Concept: Use-Case Flowdown
Use-case flowdown is the technique for deriving functional requirements for the analysis (and then design) elements.
Main Description


Use-case flowdown is the technique for deriving functional requirements for the analysis (and then design) elements. The results of the activity are:

  • survey of subsystem operations
  • survey of hosted subsystem operations for localities
  • survey of executed subsystem operations for processes
  • use-case survey for subsystems (optional)

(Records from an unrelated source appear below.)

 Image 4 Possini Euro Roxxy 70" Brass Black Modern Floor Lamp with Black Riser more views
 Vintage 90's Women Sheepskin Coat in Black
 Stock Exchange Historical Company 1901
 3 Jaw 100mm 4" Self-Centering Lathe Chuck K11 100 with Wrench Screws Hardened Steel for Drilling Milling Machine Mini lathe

The technique uses the standard RUP activity of choosing an architecturally significant set of use cases. For each chosen use case, the flow of events is developed. This is the description of the interactions between the system actors and the system. The system responses are black box; the descriptions make no reference to the architectural elements. Next, a black-box step (which will be performed by a system operation) is expanded into one or more white-box steps, each of which is performed by a named subsystem. The white-box steps are also associated with the localities which host them, and the processes that execute them. Each white-box step that spans localities or processes (that is, requires more than one to complete) is split until it can be completed at a single locality, by a single process. A white-box step can be replicated at several localities, but these are independent instances. These white-box steps are candidates to become subsystem operations, which are the equivalent of system operations at this lower level of logical decomposition.

The compositions of unique sequences of subsystem operations for an individual subsystem, participating in the realization of system operations, yields the subsystem use cases (optional step).

Subsystem-Locality mapping

At the outset of use-case flowdown, you are dealing with a system which typically spans (and might even encapsulate) several localities; the depth to which decomposition into subsystems (and sub-subsystems) is performed, is a matter for architectural judgment, and depends on the domain and the complexity of the system, among other things. However, for the purposes of performance analysis it is important that you understand the computational load to be imposed at a locality, and this is done in terms of the subsystem operations hosted there. Therefore, consider the following prescription for decomposition: the decomposition must yield a set of subsystem operations that cleanly partitions between localities; that is, a subsystem operation does not span localities, and if a subsystem operation (of, say subsystem A) requires, for its performance, the use of resources at a different locality, then those resources must themselves be made available through a subsystem operation, which might be provided by subsystem A itself at that locality, or another subsystem.

This condition will obviously hold if a subsystem does not span localities, but a subsystem can span localities if its operations can be partitioned as described—otherwise, the subsystem must be decomposed further. The discussion here concerns single instances of a subsystem spanning localities; a subsystem can always be replicated at several localities, but these are separate instances.